Author: Trevor Forster, Managing Director of Titan Enterprises Ltd
For the successful transportation and refining of crude oils many types of additives are required, from simple surfactants through to complex blended scale and corrosion inhibitors. These are injected in small quantities at high pressure and are critical to the refining process. Careful monitoring of their addition is essential and this is best done with a flowmeter. Injection fluids vary in viscosity and density and any flowmeter installed into a plant should be able to cope with a range of physical and chemical properties. The choice of flow measurement solutions is still quite narrow with few technologies offering acceptable measurement solutions.
Traditionally positive displacement meters have been the flowmeter of choice for additive injection fluids. These meters are typically small with tight clearances between their moving components. Because of the tight manufacturing tolerances they are susceptible to contaminants inhibiting or stopping the meter. An inconvenience at the best of times but very expensive if the meter is installed sub-sea. Non-invasive flowmeters meters with no moving parts are the most desirable but are also traditionally the most expensive.
Rotary piston meters
Rotary piston meters use a cupped disc which "rotates" in a circular cavity. Each rotation displaces a known amount of fluid. Manufacturers take great care in choosing materials which have low coefficients of friction and limit the sliding areas. These techniques improve the flow meters linearity and extend the operating range. By definition these are typically low resolution meters. Rotary piston meters have a lot of sliding surfaces and are extremely sensitive to contamination and wear.

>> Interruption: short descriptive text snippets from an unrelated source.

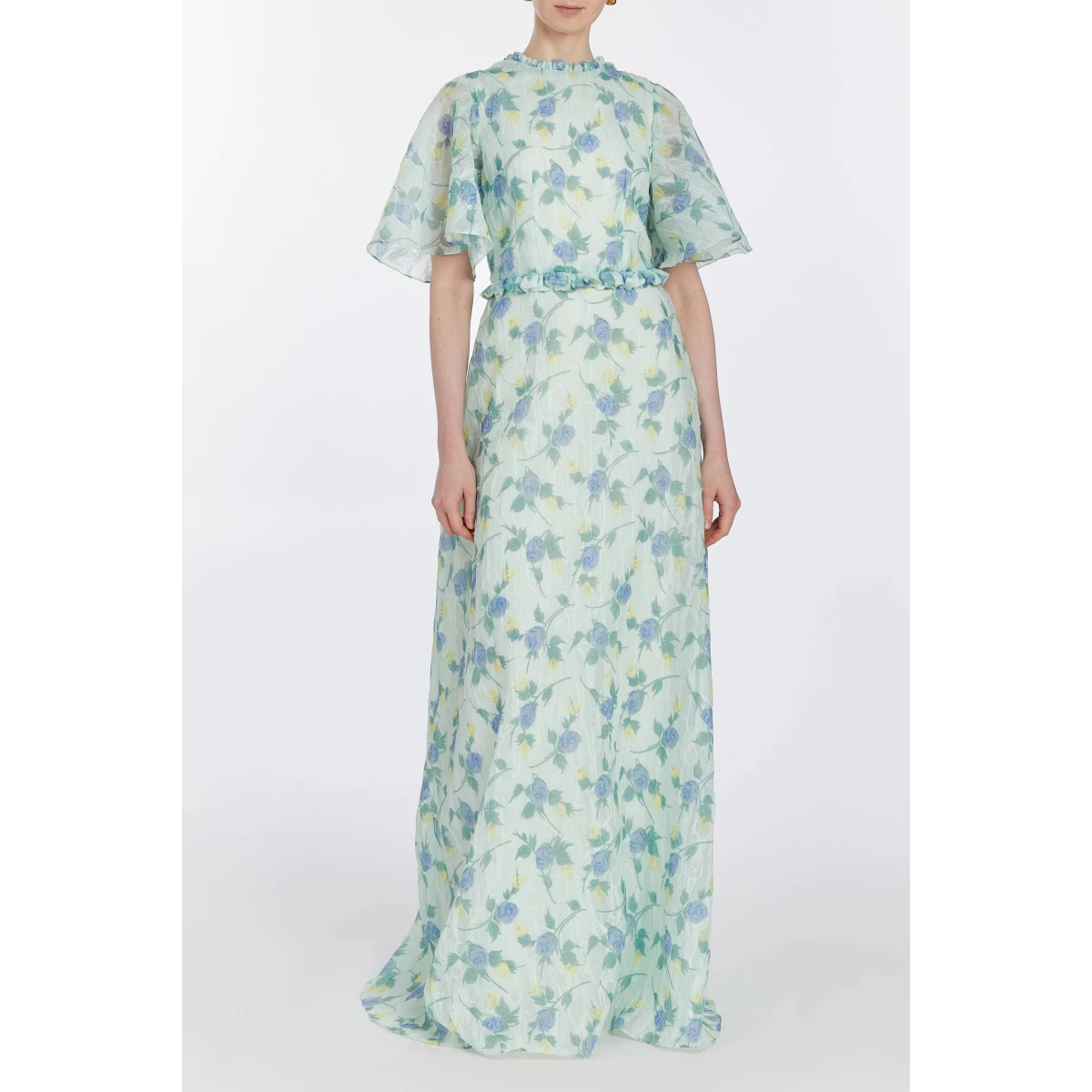 Markarian dresses with romantic neckline and structured silhouette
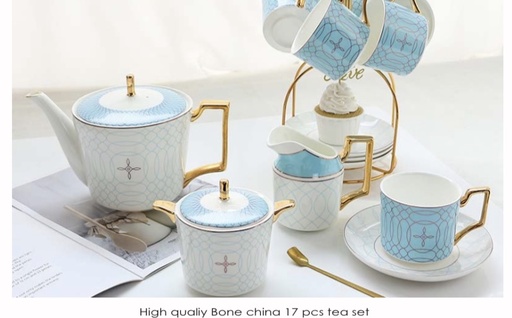Ensemble théière complete bone china 17pcs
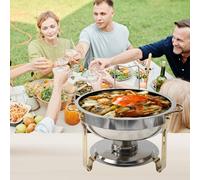 Chafing Dish Buffet Set,4.5l Chafing Dishes With Handles For Buffet,Round Stainless Steel Food Warmer Buffet Server With Tempered Glass Lids And Food Pans For Weddings Parties Restaurant Catering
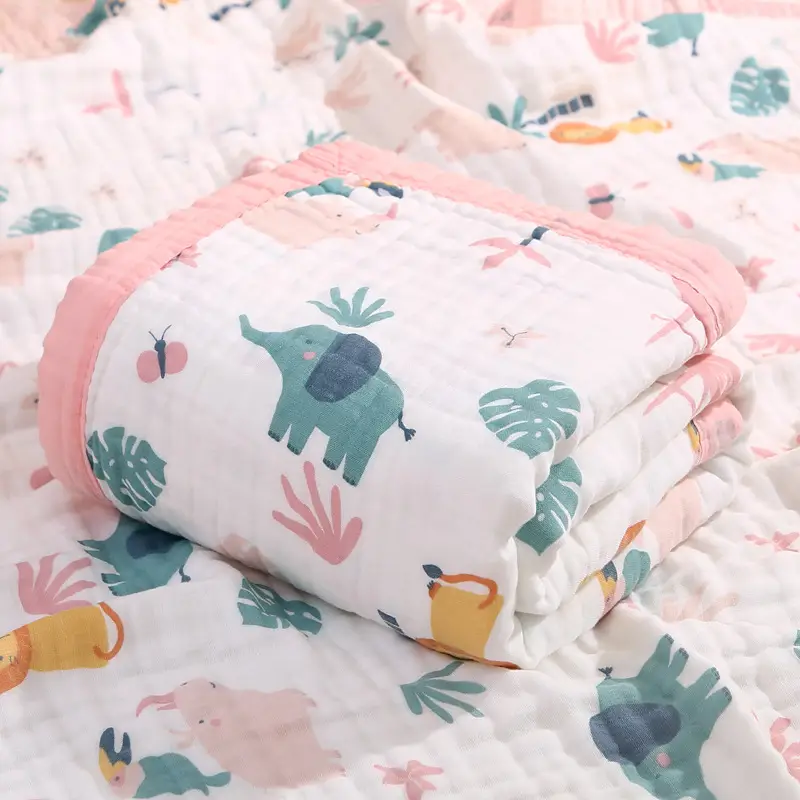 Wide-brimmed Baby Bath Towel Cotton Pink Cartoon - Image 29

Spur Gear & Oval Gear Meters
These two types of gear meter operate in very different ways. A standard gear meter has few very large teeth which are meshed in a chamber with close clearances. The teeth form a seal along their length so the only leakage path is around the outside of the meshed cogs to the chamber walls. The pressure imbalance across the gears makes the gears rotate displacing a volume of fluid approximately equal to one gear tooth volume. Usually a sensor is used to count the passing of each tooth generating a high resolution output. The teeth in an Oval gear meter are still used to drive the gear and seal the central path but the differential force is developed by the shape of the ovals not the gear teeth on the lobe. By using an oval shape a much greater driving pressure can be generated resulting in a wider flow range and lower pressure drop compared to a standard gear meter. This also permits the meters to operate satisfactorily with lower viscosity fluids. The displaced volume is a product of the oval shape not the gear profile. The resolution is lower than the standard gear meter.
Helical meters
Helical flow meters use a pair of helical gears rather like two Archimedes screws intermeshed. The two rotors are "meshed" along their length and synchronised using a pair of gears. As the fluid passes down the chamber it rotates the screws. They are high resolution, accurate devices. They are however sensitive to contamination.
Thermal meters
Accurate low flow thermal meters use two or even three elements. One is used for reference, the second is a heat source and the third measures the heat dissipation and so the flow rate. These are mass flow devices and are capable of measuring very low flows The thermal characteristics of the liquid must be known for precise measurement.
Coriolis meters
Coriolis meters use the fact that if a tube full of moving fluid is vibrated it will cause a reaction to the fluids movement proportional to the mass of fluid flowing in the tube. These expensive meters are sensitive and will meter low flows with contaminants accurately.
Ultrasonic meters
Straight through, high pressure ultrasonic meters have yet to join the armoury of petrochemical low flow metering in any appreciable way but such products are under development. Ultrasonic flow meters offer a promising prospect as their manufacturing costs should permit a lower installed cost than the Coriolis meters.
Conclusions
Each flow metering technology has its own strengths and weaknesses and a choice will depend on financial constraints and personal experience. I believe future developments in ultrasonic metering will bridge the gap with an acceptable performance and price. They will be a welcome addition to the low flow metering armoury.